The demon core or that night with Xie Tingyun — something had changed. Her features were sharper, more vivid. Dark brows, bright eyes, a warmth at the corners that pulled the gaze. Her skin under her fingers was smooth as poured water.
She thought briefly of the woman whose face and life this had originally been. Hoped she was somewhere good. Peaceful. Happy.
Yun Wan washed. The other side of the pool stayed quiet.
Xie Tingyun sat still in the water with his eyes closed, breathing measured, letting the spiritual energy seep into his meridians. His cultivation was recovering — slowly. He was barely at Enlightened. Another three years to reach his peak.
Three years. He could wait.
He was deep in the rhythm of it when something slippery pressed against him.
His heart lurched. He kept his eyes shut and said, evenly: "Stop."
It didn't stop.
"Wanwan."
Still nothing. He knew she wouldn't listen — and if he were honest, he wouldn't have minded much, except that the situation made it impossible. He reached his limit and opened his eyes.
An eel. Three feet long. Winding away through the water on its own business.
The breath left his body. He sank straight down, sending a ring of ripples across the surface.
"Xie Tingyun?" Yun Wan's voice carried across the water. "Are you alright?"
She swam over before he could answer.
The moon was full and high. He was half-submerged, long hair loose around him, expression fractured from its usual stillness — like something composed that had just been startled into honesty.

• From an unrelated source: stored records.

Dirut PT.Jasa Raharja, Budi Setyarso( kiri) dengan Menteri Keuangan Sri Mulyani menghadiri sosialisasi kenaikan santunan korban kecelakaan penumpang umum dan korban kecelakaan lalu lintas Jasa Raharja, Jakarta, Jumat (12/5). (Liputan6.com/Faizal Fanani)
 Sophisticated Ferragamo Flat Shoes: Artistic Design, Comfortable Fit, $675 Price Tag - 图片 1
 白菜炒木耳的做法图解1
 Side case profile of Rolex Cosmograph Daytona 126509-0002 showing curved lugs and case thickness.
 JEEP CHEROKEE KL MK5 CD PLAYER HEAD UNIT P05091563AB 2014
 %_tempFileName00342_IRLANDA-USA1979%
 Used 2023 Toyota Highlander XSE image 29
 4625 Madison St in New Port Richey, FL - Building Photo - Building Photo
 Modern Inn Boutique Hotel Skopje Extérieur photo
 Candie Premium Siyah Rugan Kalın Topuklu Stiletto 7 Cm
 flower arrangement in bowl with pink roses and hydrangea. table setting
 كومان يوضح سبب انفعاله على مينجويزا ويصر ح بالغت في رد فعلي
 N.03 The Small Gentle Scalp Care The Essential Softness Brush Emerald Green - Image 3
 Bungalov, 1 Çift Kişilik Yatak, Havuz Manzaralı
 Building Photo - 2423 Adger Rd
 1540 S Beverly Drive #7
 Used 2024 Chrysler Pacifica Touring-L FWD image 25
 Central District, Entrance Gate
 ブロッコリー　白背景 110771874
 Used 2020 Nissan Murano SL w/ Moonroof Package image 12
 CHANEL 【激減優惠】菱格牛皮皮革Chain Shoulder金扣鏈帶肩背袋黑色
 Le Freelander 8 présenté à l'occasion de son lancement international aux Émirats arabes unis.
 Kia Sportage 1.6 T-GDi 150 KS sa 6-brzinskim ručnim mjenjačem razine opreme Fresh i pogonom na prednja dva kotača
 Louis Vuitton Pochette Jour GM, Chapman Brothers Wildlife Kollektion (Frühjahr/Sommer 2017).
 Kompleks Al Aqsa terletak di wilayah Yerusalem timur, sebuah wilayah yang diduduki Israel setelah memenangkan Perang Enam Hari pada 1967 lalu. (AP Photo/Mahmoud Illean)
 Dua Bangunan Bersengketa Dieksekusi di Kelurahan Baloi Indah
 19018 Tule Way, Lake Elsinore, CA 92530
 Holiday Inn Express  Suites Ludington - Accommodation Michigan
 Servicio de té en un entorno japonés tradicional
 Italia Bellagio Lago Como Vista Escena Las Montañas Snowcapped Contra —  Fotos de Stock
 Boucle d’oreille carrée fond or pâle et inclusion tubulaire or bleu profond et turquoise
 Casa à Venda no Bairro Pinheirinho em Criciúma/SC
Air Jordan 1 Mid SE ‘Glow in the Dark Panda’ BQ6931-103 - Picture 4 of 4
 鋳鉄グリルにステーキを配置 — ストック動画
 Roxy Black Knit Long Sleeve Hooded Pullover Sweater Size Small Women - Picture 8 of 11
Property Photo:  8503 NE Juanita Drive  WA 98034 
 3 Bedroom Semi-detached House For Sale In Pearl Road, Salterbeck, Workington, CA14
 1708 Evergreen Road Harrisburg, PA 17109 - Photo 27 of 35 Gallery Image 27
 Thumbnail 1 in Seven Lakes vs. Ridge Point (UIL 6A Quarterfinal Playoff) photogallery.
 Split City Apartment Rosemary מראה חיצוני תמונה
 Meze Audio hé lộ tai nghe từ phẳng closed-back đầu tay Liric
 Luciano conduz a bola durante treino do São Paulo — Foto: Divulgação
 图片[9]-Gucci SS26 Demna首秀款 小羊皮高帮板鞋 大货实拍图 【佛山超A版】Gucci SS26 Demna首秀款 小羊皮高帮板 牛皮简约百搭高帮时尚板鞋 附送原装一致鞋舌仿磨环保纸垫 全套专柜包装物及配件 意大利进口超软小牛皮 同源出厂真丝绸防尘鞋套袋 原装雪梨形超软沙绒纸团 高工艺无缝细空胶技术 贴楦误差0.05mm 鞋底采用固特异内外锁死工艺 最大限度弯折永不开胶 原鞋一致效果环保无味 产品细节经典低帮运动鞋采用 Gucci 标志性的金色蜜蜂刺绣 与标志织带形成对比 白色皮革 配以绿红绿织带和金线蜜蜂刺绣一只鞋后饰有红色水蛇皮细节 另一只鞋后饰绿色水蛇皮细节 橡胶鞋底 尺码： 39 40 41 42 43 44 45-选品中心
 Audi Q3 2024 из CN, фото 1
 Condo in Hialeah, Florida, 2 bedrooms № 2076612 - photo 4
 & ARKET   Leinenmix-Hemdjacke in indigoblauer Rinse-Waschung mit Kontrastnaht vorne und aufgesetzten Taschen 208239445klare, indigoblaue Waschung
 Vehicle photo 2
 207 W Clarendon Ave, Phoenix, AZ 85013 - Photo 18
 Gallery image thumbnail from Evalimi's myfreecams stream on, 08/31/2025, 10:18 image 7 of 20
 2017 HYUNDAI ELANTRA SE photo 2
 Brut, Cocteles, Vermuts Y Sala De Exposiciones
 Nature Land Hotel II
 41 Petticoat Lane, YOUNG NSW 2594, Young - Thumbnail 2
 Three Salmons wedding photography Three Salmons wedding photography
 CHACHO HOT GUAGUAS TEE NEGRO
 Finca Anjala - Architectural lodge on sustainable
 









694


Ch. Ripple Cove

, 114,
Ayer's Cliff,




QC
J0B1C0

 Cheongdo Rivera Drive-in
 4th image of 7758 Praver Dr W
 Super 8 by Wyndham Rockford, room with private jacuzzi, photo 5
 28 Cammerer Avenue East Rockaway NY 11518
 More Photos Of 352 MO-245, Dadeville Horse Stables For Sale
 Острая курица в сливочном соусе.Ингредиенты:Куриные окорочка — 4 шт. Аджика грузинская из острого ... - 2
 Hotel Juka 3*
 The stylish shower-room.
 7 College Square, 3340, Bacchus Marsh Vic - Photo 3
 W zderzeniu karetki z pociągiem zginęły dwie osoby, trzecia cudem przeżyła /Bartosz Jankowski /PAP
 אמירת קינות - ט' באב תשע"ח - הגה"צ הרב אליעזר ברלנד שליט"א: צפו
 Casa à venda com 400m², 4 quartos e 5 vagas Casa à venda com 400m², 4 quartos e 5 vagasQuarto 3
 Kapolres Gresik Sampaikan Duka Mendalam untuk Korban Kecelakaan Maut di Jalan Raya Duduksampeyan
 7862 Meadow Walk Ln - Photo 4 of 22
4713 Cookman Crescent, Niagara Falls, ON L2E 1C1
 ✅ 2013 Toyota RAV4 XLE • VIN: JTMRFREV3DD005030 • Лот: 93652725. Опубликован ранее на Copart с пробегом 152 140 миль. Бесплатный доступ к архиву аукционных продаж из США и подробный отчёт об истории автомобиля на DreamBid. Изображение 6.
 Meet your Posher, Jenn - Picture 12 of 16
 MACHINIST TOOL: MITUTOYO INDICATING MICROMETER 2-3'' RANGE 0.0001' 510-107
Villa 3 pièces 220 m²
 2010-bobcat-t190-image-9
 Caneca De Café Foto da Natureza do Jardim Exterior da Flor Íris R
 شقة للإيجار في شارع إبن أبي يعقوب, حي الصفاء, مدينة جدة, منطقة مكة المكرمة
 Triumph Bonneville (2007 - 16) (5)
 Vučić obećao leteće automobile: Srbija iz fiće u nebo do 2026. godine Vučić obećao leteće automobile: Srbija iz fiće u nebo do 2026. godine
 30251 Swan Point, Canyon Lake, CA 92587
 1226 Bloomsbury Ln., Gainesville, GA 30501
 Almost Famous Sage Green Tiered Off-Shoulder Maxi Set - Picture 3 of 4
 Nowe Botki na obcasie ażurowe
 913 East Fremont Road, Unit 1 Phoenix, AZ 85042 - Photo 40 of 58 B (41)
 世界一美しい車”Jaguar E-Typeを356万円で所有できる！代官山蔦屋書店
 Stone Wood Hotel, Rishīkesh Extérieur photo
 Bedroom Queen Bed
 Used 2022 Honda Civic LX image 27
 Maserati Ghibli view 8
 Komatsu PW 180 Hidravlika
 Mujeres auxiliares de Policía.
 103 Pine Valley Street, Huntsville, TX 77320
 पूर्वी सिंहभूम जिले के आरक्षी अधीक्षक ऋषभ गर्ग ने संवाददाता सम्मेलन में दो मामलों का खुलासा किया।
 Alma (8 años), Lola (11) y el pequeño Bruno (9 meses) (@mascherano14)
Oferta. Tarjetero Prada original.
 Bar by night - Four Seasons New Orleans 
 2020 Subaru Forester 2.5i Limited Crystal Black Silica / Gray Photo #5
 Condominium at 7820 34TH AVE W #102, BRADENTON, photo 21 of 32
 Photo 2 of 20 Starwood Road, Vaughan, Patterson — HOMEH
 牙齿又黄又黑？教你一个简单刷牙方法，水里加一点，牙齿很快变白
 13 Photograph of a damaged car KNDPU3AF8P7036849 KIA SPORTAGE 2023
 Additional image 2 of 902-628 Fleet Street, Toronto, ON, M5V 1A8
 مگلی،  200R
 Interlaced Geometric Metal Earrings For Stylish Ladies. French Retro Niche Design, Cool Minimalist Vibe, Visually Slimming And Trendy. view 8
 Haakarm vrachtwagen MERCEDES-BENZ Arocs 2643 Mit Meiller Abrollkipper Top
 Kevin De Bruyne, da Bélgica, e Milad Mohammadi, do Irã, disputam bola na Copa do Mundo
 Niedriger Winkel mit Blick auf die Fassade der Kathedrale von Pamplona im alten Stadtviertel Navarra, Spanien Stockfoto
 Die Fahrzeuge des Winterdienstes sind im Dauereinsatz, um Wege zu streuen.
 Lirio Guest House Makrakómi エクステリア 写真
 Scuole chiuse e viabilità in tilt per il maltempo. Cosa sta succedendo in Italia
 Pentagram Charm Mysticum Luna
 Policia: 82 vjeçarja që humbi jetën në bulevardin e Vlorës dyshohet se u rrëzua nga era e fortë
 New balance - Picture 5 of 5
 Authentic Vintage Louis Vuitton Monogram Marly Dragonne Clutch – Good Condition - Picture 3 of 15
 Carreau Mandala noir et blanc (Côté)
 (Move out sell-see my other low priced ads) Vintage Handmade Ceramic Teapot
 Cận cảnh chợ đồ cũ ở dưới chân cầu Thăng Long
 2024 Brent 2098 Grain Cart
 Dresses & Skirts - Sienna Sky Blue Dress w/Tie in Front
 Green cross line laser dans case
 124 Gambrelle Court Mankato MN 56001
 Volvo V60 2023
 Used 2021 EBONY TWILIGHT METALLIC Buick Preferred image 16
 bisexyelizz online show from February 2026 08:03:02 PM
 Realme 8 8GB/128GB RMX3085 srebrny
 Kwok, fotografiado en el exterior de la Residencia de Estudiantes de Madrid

Yun Wan looked at him. Her gaze moved, without her entirely intending it to, from his face to his jaw, his throat, his collarbones — and stopped where the rippling water began.
She swallowed.
It took a real effort to get herself back.
"I heard a sound from your side," she said, firmly. "I came to check. That's all."
Xie Tingyun chose not to notice the look in her eyes. "There was an eel."
"Where?"
He paused. "On your leg."
Yun Wan looked down. Then reached into the water without thinking. "Don't be afraid — I'll get it off. An eel bite is dangerous, especially here—"
"Don't—"
Her hand was already in the water. She found it immediately, closed her fingers around it, and blinked. "This one's enormous." One roasted would be a full meal.
Xie Tingyun went very still. His breathing had changed.
Something was wrong. She could feel it without being able to name it, and then she heard his voice — low, rough, clipped: "I already killed the eel."
A long silence.
Yun Wan let go.
She looked at him. He looked back at her, his face a careful blank that somehow made everything worse.
She submerged herself completely.
She surfaced a few feet away, moving steadily toward the far bank, leaving behind only a string of bubbles.
Xie Tingyun watched them rise and scatter across the surface.
He pressed two fingers to his temple. Closed his eyes.
Let out a breath that had been waiting a while.
It was deeply, thoroughly uncomfortable.